2. Meaning of certain terms used in probability
1. Prob. of ATLEAST ONE = Total prob. – Prob. of getting NONE
e.g. Prob of getting at least one head in a tossing of 2 coins
Sample space S = {HH,HT,TH,TT}
At least one head = {HH, HT,TH}
So prob of at least one head = ¾
But total prob = 1, prob of no head = ¼
Total prob – prob of none = 1 – ¼ = 3/4
3. Meaning of certain terms used in probability
PROB. OF ATMOST N items = P(x≤N) = TOTAL PROB – P(x>N)
= P(none) + P(1) + P(2) + P(3) + … + P(N)
= 1 – Prob(x>N)
E.g. Prob of getting at most 5 in a die rolling experiment
Sample space S = {1,2,3,4,5,6}
The event A = {1,2,3,4,5} and so required Prob = n(A)/n(S) = 5/6
Total prob = 1, Prob(x>5) = Prob(x=6) = 1/6
1 - Prob(x>5) = 1 – 1/6 = 5/6
i.e., P(x≤N) = 1 – Prob(x>N)
4. DEPENDENT EVENTS
Two events are said to be dependent, if the happening of one of them
affects the happening of the other. In the case of dependent events the
Chance or prob. one event depends on the happening of other.

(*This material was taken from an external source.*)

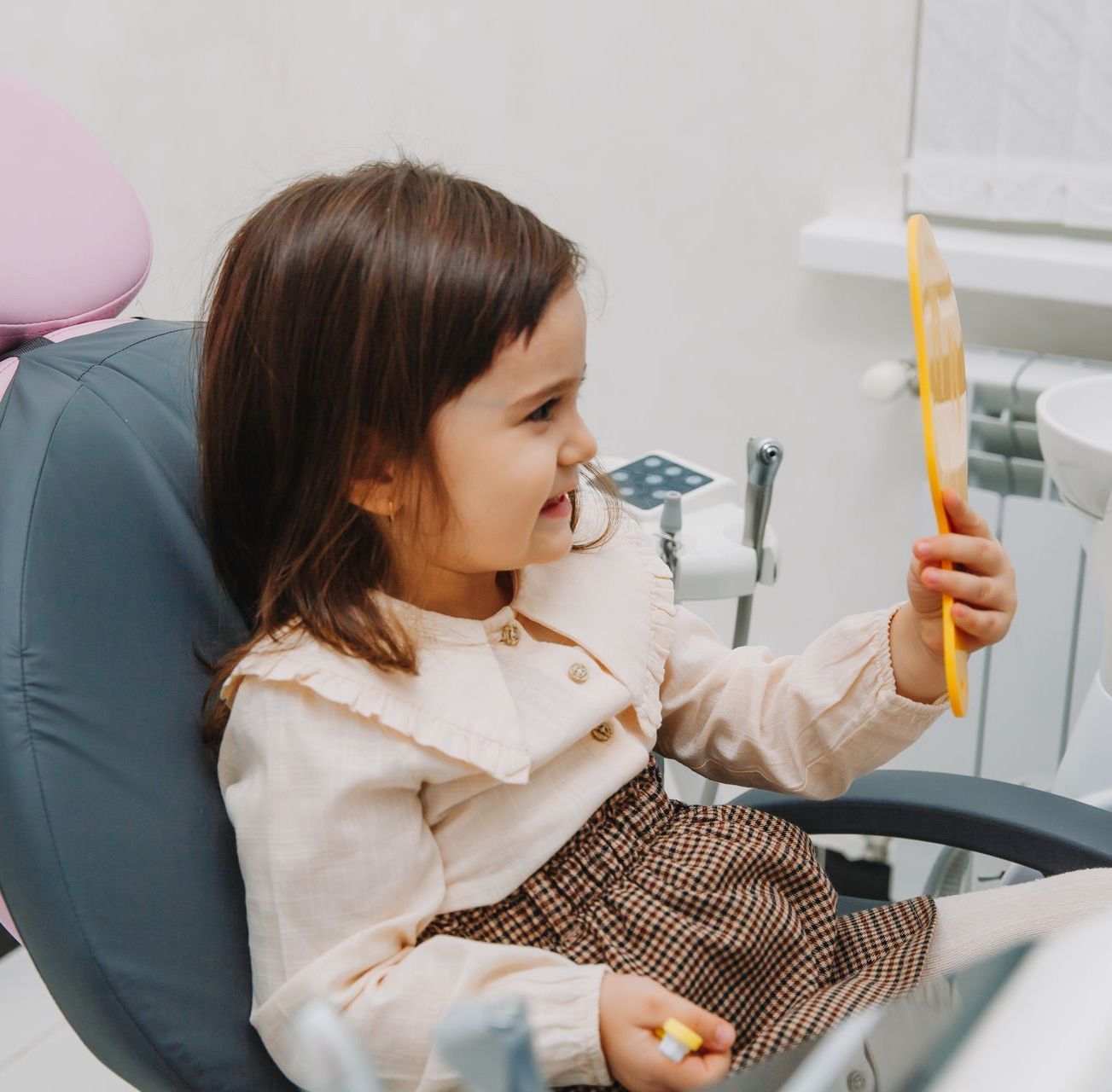 A little girl is sitting in a dental chair looking at herself in a mirror, dental fillings in Tarrytown, NY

E.g. Drawing two cards one by one from a pack of cards without replacement
Here the prob of drawing first card is 1/52.
Since the card is not replaced, the deck of cards contains only 51 cards.
So the prob. of drawing 2nd card is 1/51
5. ASSIGNMENT -
Q1. A bundle of 100 tickets numbered serially from 1 to 100 is well shuffled a ticket
is drawn at random. What is the probability that
a) It is an even number?
b) It is a multiple of 10?
c) It is a perfect square?
d) It is a multiple of 12 or a perfect cube?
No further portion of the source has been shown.